*Work to be completed*. Write out the listing from the line with "Der beste VATI" to the line with "Vintage Mid-Century tension", both lines included, exactly and nothing beyond. Leave pictures out.

*Records to process*.
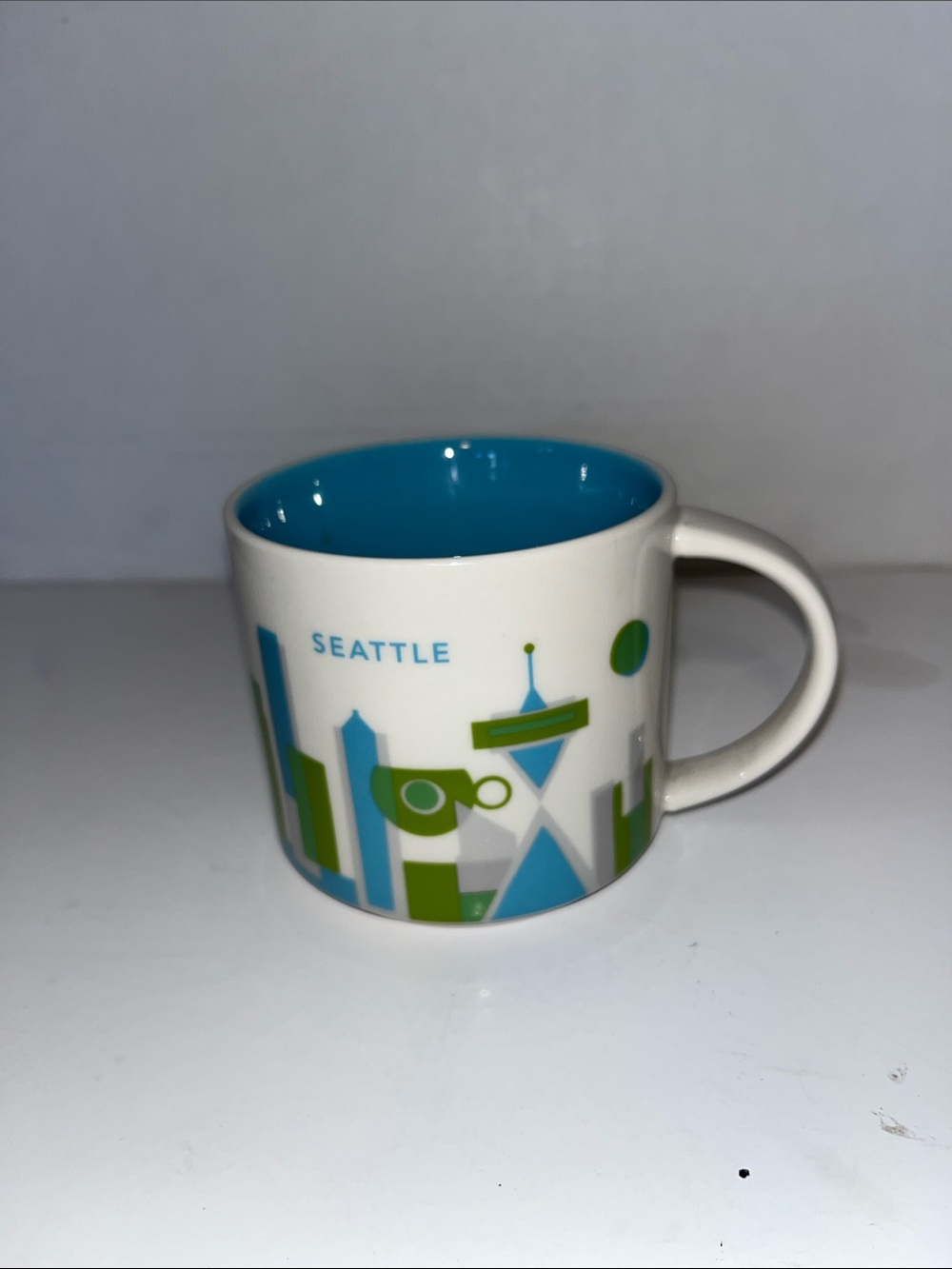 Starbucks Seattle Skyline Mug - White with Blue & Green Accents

* * *

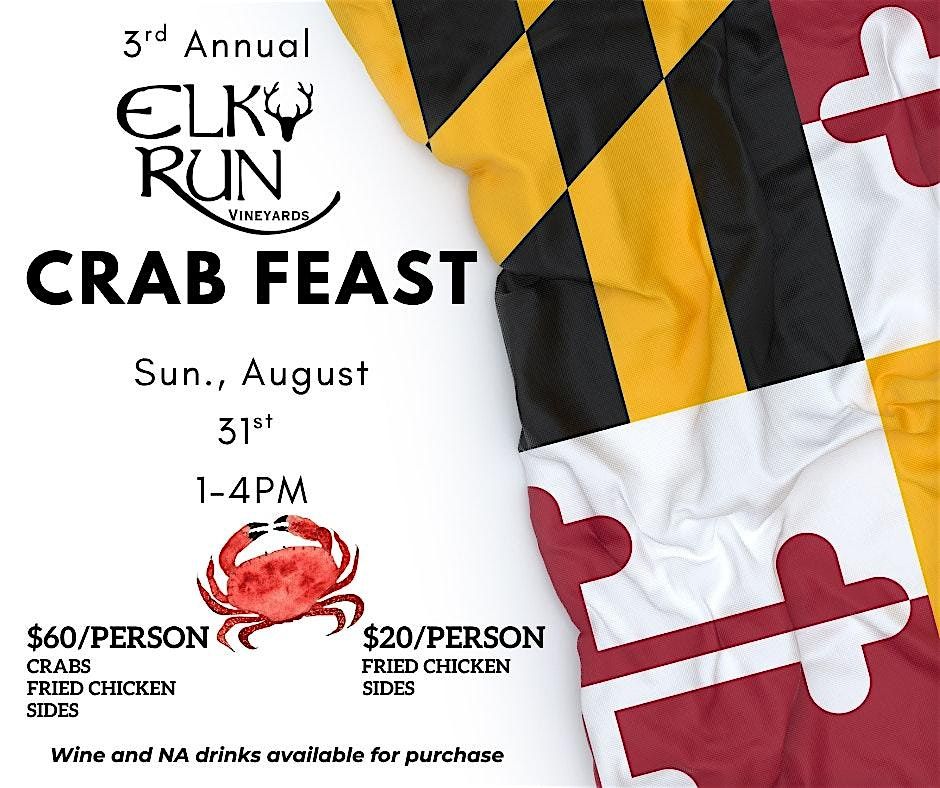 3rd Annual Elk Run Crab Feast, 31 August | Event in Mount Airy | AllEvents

...

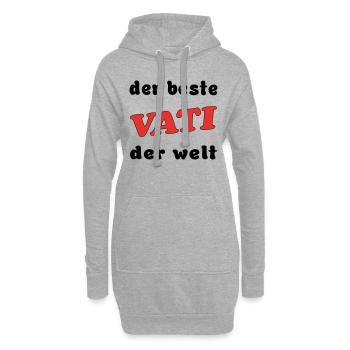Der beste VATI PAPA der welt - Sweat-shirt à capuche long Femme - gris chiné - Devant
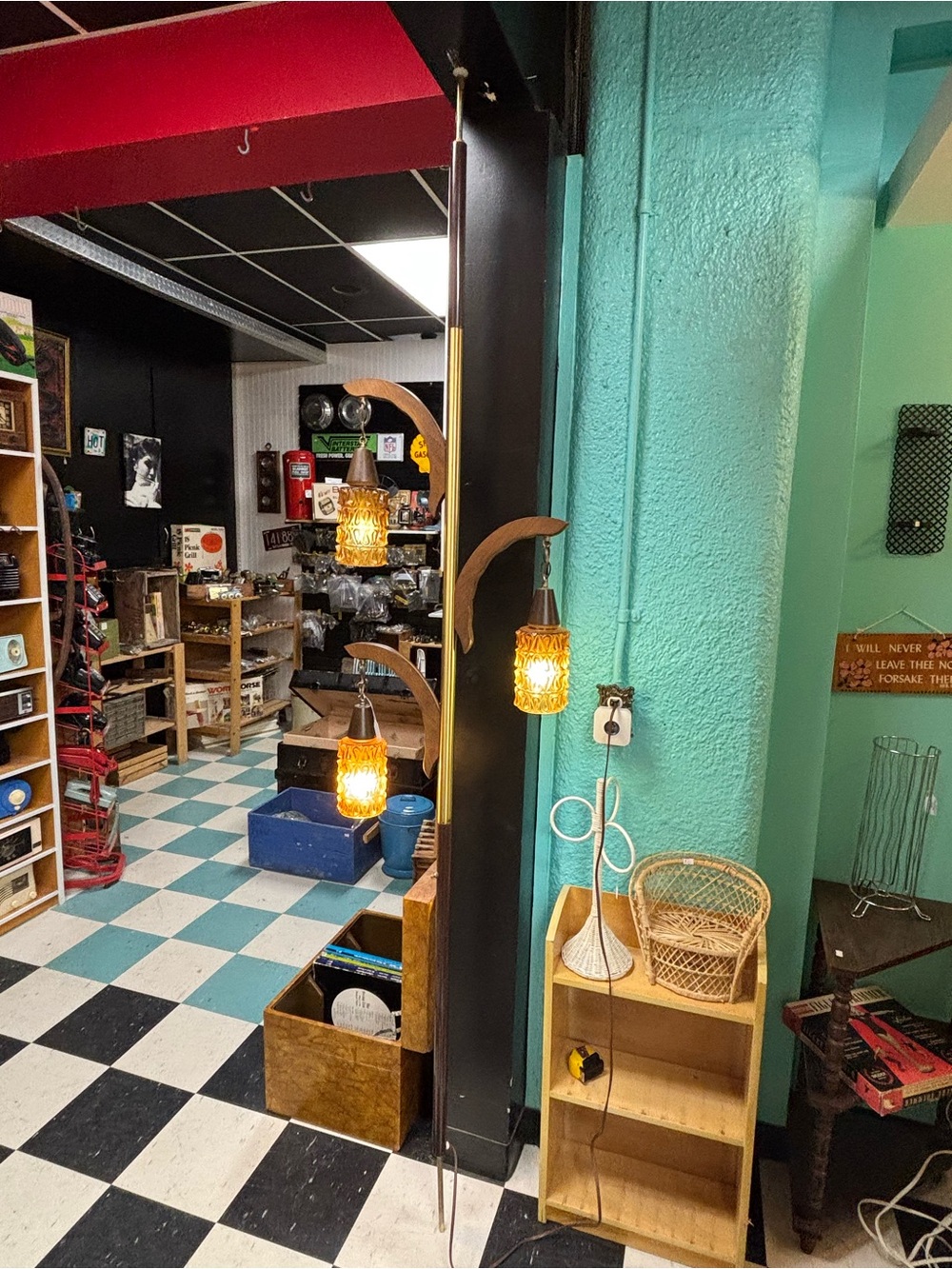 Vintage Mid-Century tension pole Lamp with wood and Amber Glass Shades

*Solution*.
Der beste VATI PAPA der welt - Sweat-shirt à capuche long Femme - gris chiné - Devant
 Vintage Mid-Century tension pole Lamp with wood and Amber Glass Shades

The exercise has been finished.